Maybe a bit of beginner's question, but my mind is really stuck.
I have a dataframe with certain values in a column called x, split into two groups.
x group
1 1.7 a
2 0 b
3 2.3 b
4 2.7 b
5 8.6 a
6 5.4 b
7 4.2 a
8 5.7 b
My purpose is for each row, to count how many rows of the other group have a value greater than the current one. So to make it more clear, for the first row (group a) I am looking to find how many rows of group b are greater than 1.7 (the answer is 4). The end result should look like :
x group result
1 1.7 a 4
2 0 b 3
3 2.3 b 2
4 2.7 b 2
5 8.6 a 0
6 5.4 b 1
7 4.2 a 2
8 5.7 b 1
I have several rows in the dataframe, so ideally I would also like a relatively fast solution.
CodePudding user response:
Use np.searchsorted:
df['result'] = 0
a = df.loc[df['group'] == 'a', 'x']
b = df.loc[df['group'] == 'b', 'x']
df.loc[a.index, 'result'] = len(b) - np.searchsorted(np.sort(b), a)
df.loc[b.index, 'result'] = len(a) - np.searchsorted(np.sort(a), b)
Output:
>>> df
x group result
1 1.7 a 4
2 0.0 b 3
3 2.3 b 2
4 2.7 b 2
5 8.6 a 0
6 5.4 b 1
7 4.2 a 2
8 5.7 b 1
Performance for 130K records
>>> %%timeit
a = df.loc[df['group'] == 'a', 'x']
b = df.loc[df['group'] == 'b', 'x']
len(b) - np.searchsorted(np.sort(b), a)
len(a) - np.searchsorted(np.sort(a), b)
31.8 ms ± 319 µs per loop (mean ± std. dev. of 7 runs, 10 loops each)
Setup:
N = 130000
df = pd.DataFrame({'x': np.random.randint(1, 1000, N),
'group': np.random.choice(['a', 'b'], N, p=(0.7, 0.3))})
CodePudding user response:
Here is one way.

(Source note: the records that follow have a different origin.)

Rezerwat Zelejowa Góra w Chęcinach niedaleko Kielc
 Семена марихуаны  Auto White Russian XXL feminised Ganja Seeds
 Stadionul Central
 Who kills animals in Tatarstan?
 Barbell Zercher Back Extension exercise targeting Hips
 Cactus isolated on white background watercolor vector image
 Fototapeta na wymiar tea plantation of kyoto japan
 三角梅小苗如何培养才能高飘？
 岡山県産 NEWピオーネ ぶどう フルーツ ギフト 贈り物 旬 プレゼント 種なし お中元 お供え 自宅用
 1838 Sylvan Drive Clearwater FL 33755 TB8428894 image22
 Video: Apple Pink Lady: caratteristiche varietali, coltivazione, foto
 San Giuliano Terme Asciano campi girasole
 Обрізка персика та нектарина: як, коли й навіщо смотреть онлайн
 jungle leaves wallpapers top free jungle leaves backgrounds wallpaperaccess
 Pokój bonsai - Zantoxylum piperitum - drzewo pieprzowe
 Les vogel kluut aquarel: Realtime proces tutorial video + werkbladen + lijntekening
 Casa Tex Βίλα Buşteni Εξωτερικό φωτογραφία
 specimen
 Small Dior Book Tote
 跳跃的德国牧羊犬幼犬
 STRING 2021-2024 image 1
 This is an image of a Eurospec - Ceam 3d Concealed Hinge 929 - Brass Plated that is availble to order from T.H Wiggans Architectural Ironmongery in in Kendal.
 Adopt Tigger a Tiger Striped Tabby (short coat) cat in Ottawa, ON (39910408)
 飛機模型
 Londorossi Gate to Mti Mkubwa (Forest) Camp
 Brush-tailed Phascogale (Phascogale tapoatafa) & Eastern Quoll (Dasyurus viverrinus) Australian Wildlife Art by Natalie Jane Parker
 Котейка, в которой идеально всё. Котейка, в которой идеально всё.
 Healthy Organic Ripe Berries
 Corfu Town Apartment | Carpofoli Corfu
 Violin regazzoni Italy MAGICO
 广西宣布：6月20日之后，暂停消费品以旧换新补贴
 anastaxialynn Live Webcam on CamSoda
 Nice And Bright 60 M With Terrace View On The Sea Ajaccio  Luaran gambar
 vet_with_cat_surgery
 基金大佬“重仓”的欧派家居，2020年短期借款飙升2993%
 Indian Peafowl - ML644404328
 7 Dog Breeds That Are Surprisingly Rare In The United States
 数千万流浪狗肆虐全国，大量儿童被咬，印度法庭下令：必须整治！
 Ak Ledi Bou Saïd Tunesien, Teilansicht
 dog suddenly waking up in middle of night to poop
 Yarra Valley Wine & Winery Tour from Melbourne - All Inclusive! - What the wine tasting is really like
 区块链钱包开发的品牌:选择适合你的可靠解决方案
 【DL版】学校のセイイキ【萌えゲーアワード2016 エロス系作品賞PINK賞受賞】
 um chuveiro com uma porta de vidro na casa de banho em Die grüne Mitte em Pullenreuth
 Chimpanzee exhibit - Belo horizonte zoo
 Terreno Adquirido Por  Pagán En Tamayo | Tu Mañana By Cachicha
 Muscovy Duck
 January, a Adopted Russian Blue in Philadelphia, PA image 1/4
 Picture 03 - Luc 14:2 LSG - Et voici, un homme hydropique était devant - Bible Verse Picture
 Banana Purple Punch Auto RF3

Based on ranking in descending order the x values per group, and merge_asof df with itself, after exchanging the group name to merge a with the ranked values in b, vice versa.
# needed for the merge_asof
df = df.sort_values('x')
res = (
pd.merge_asof(
df.reset_index(), # to keep original index order
df.assign(
# to compare a with b in the merge
group = df['group'].map({'a':'b', 'b':'a'}),
# rank descending to get the number of number above current number
result = df.groupby('group')['x'].rank(ascending=False)),
by='group', # same group first, knowing you exchange groups in second df
on='x', direction='forward') # look forward on x to get the rank
# complete the result column
.fillna({'result':0})
.astype({'result':int})
# for cosmetic
.set_index('index')
.rename_axis(None)
.sort_index()
)
print(res)
# x group result
# 1 1.7 a 4
# 2 0.0 b 3
# 3 2.3 b 2
# 4 2.7 b 2
# 5 8.6 a 0
# 6 5.4 b 1
# 7 4.2 a 2
# 8 5.7 b 1
CodePudding user response:
You can sort the values and use masks to cumsum per the other group:
df2 = df.sort_values(by='x', ascending=False)
m = df2['group'].eq('a')
df['result'] = m.cumsum().mask(m).fillna((~m).cumsum().where(m)).astype(int)
Output:
x group result
1 1.7 a 4
2 0.0 b 3
3 2.3 b 2
4 2.7 b 2
5 8.6 a 0
6 5.4 b 1
7 4.2 a 2
8 5.7 b 1
CodePudding user response:
A quick solution is to use pandas' DataFrame.apply method.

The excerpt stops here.